The illegal practice of 'oil bunkering' diverts a fifth of Nigeria's oil output to makeshift refineries, where workers labour ankle deep in crude, surrounded by dead mangroves and blackened rivers. For most, it's the only job they can find.
1 of 21
Ebiowei, 48, carries an empty oil container on his head to be filled with refined fuel at an illegal refinery site near the Nun River in Nigeria’s oil state of Bayelsa, Nov. 27, 2012.
2 of 21
A man collects polluted water at an illegal oil refinery site near the Nun River.
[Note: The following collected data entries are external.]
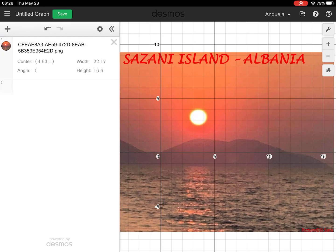Hello everyone! In this short video I will try to walk you through the process of drawing various functions on Desmos and explain how to connect them smoothly. You can think of it as drawing continuous piecewise functions.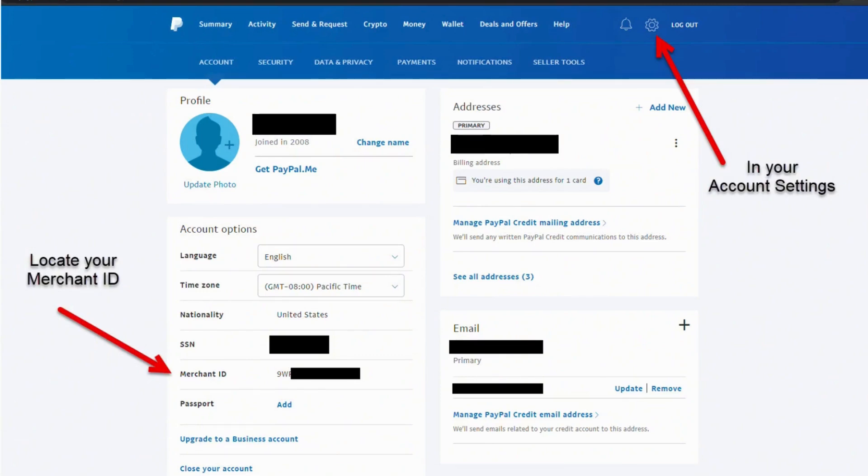This ID can be displayed instead of your email address when receiving payment as well. And that's a wrap for the video. Thank you so much for tuning in.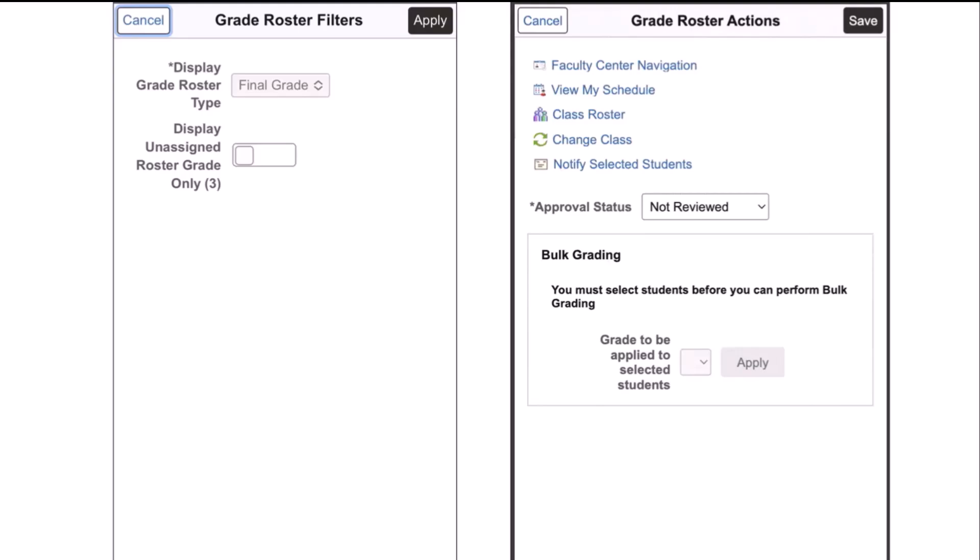After clicking on the action menu on the previous page, the instructor is taken to the grade roster actions page. In addition to the links that I've talked about before, the instructor can now update the approval status based on their grading access, as well as do bulk grading for multiple students, which should be pre-selected prior to coming to this page.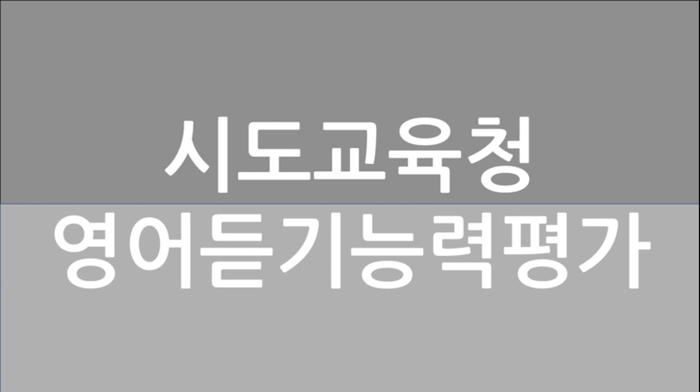We will join the English Poem Translation Contest, which will be held next Tuesday on May 11th. It can be a good chance for you to enhance your English ability. Only first-year students can take part in this contest. We're going to start the event in the auditorium at 4 p.m. You will be allowed to use your own dictionary. The top three students will be awarded prizes. Students who want to participate in this event should submit an application form to the teacher's office by this Friday. I hope you can enjoy the beauty of English poetry through this event. Thank you.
Thousands of people in Nigeria engage in a practice known locally as oil 'bunkering' – hacking into pipelines to steal crude then refining it or selling it abroad.
3 of 21
A man named Godswill works at an illegal oil refinery site, where steam rises from pipes carrying refined oil from a burner into broken containers near the Nun River Nov. 27, 2012.
4 of 21
Plates used by labourers lie on the ground at an illegal oil refinery site near the Nun River in Bayelsa.
5 of 21
Ebiowei carries refined oil in buckets at an illegal oil refinery site. ‘Oil bunkering,’ which leaves oil spewing from pipelines for kilometres around each site, diverted about a fifth of Nigeria’s two-million barrels-per-day production last year, according to the finance ministry.
6 of 21
Godswill collects crude oil from a mini storage unit filled with oil waiting to be refined. Locals in the industry say workers can earn $50 to $60 (U.S.) a day.
7 of 21
A passenger speedboat churns up the water while in the background an illegal oil refinery is left burning after a military chase in a windy creek near the Nun River Dec. 6, 2012. Last year, nearly 2,000 suspects were arrested and 4,000 refineries, 30,000 drums of products and hundreds of bunkering boats destroyed under orders from President Goodluck Jonathan.
8 of 21
A warning sign belonging to Royal Dutch Shell is seen along the Nembe creek in Nigeria’s oil state of Bayelsa Dec. 2, 2012.
9 of 21
A young woman named Akpomene is pictured coated in oil stains as she sits in a canoe near the Nun River Nov. 27, 2012. Akpomene fishes in the creek and sells the fish to help her family. The oil leaves sticky rashes on her body that washing can't remove.
10 of 21
A crude oil refinery worker stands in front of a locally made burner in an illegal oil refinery site. The worker said that he had been doing the job for two years and earned the equivalent of around $60 a day.
11 of 21
Refinery workers are reflected in polluted stagnant water at an illegal oil refinery site. Thieves often tap unguarded pipelines in broad daylight, hacking into them and connecting a hose to pump the oil onto a barge.
12 of 21
A worker pours crude oil into a locally made burner using a funnel at an illegal oil refinery.
13 of 21
Most of the stolen crude is shipped offshore, with the remaining 10 per cent refined locally.
14 of 21
A man working at an illegal oil refinery site pours oil under a locally made burner to keep the fire going.
15 of 21
A locally made boat containing crude oil is manned through a creek near the Nun River. Decades of oil production have poisoned the waters of the delta, driving fishermen deeper into poverty and leaving some with few options for making a living.
16 of 21
A man and his son walk through polluted farmland in the Kalaba community in Nigeria’s oil state of Bayelsa Nov. 26, 2012.
17 of 21
A man pours water on a fire in a locally made burner. Most of the workers at illegal refineries say they have no choice; decades of oil production in Nigeria have not produced many jobs.
18 of 21
Ebiowei drags a hose used to help siphon crude oil.
19 of 21
Men guide a locally made boat carrying drums filled with refined stolen oil through a creek near the river Dec. 6, 2012. The men obtained the oil from refiners at an illegal site.
20 of 21
A fuel station in the Ahoada community near Nigeria’s oil hub city, Port Harcourt, is closed Dec. 6, 2012. Nigeria’s legal refineries have been left largely defunct by decades of mismanagement and corruption, so fuel stations in the world’s 12th largest oil producing country often run out of supplies.
21 of 21
Canoes lie in oil-slicked mud on the shore of the Bodo creek in Ogoniland near Port Harcourt Dec. 4, 2012.